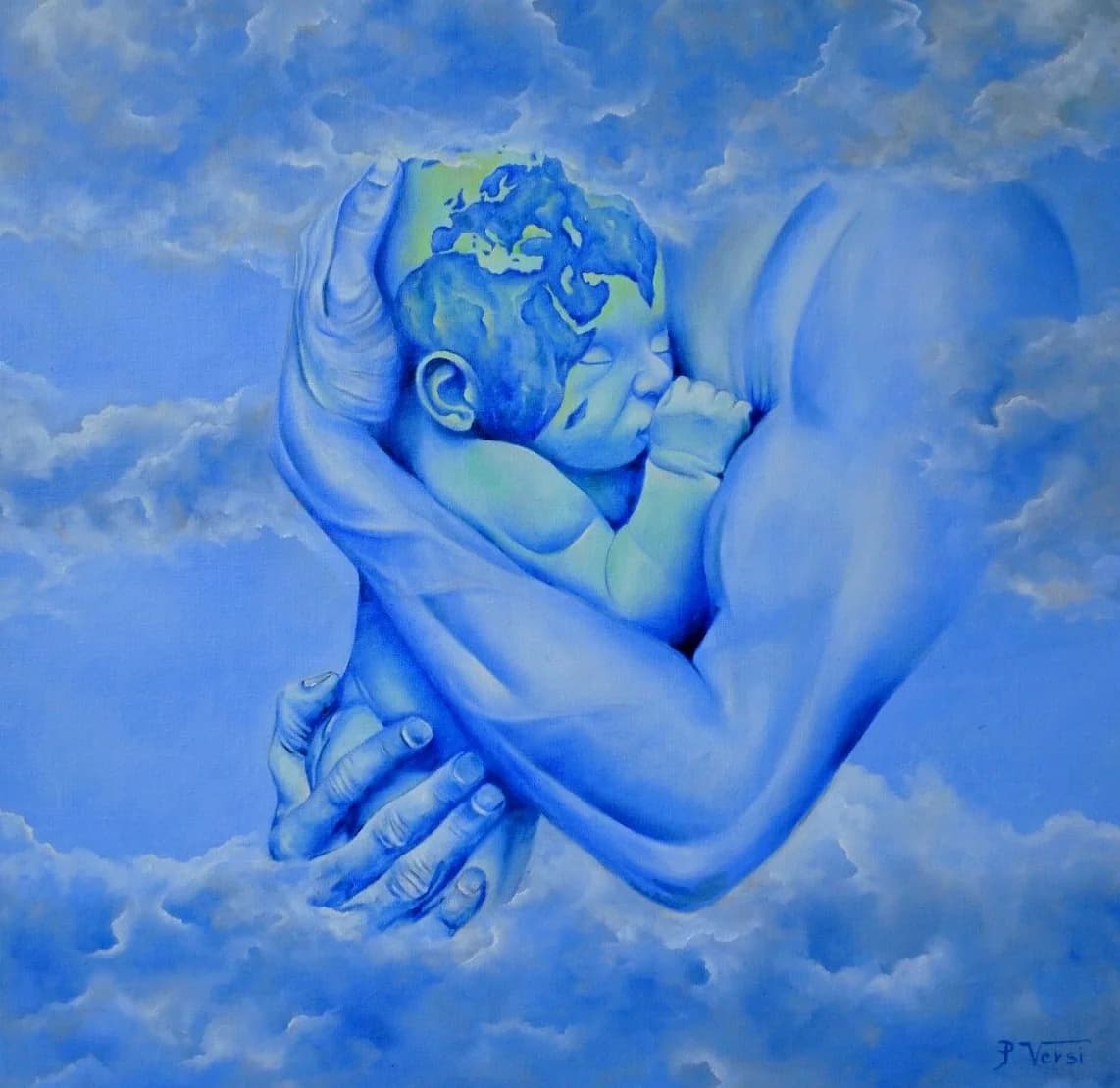 L’enfant du monde image 1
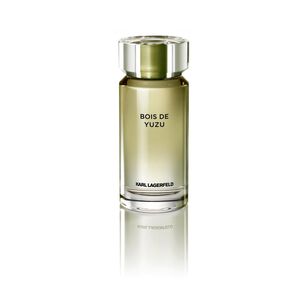 Perfume Hombre Bois De Yuzu Karl Lagerfeld / 100 Ml / Eau De Toilette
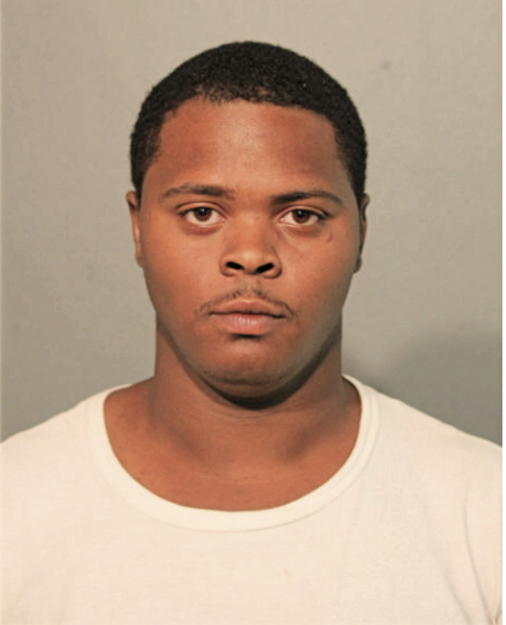 DEVANTE B SMITH, Cook County, Illinois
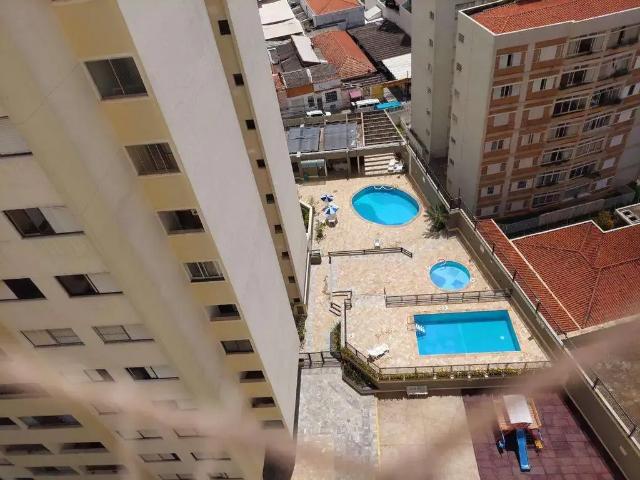 Apartamento venda em Vila Itapura, Campinas
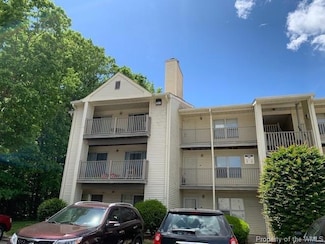 541 Pineland Cir, Newport News, VA 23608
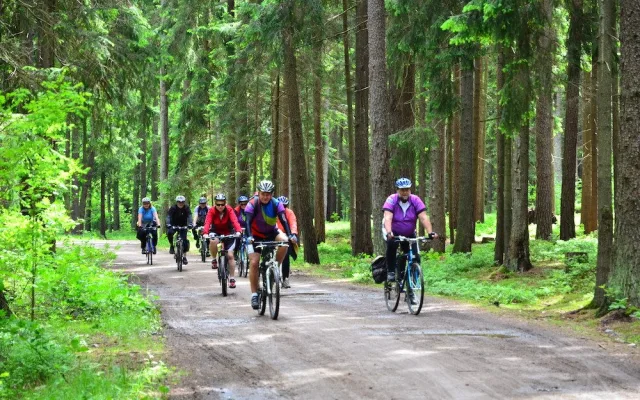 Třeboňská šlapka ukončí cyklistickou sezonu na Třeboňsku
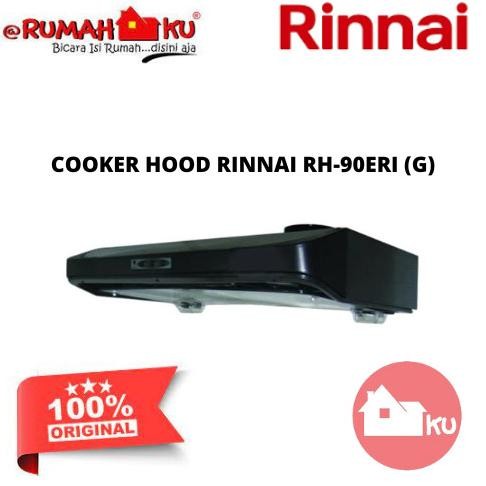 cooker hood rinnai rh-90eri (g)
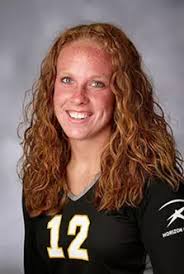 2008-09 Volleyball Roster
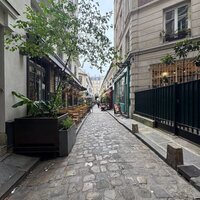 Boulevard Saint Germain - 3 Pièces - 69m² - 910..000
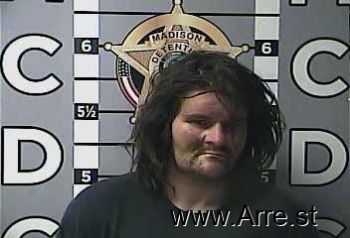 Michael  Bond Mugshot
********
> **WHAT TO WORK ON**
Transcribe, from the records above, the first line and every line after it up to and including the line with "cooker hood rinnai rh-90eri (g)"; omit pictures.

> **YOUR RESPONSE**
 L’enfant du monde image 1
 Perfume Hombre Bois De Yuzu Karl Lagerfeld / 100 Ml / Eau De Toilette
 DEVANTE B SMITH, Cook County, Illinois
 Apartamento venda em Vila Itapura, Campinas
 541 Pineland Cir, Newport News, VA 23608
 Třeboňská šlapka ukončí cyklistickou sezonu na Třeboňsku
 cooker hood rinnai rh-90eri (g)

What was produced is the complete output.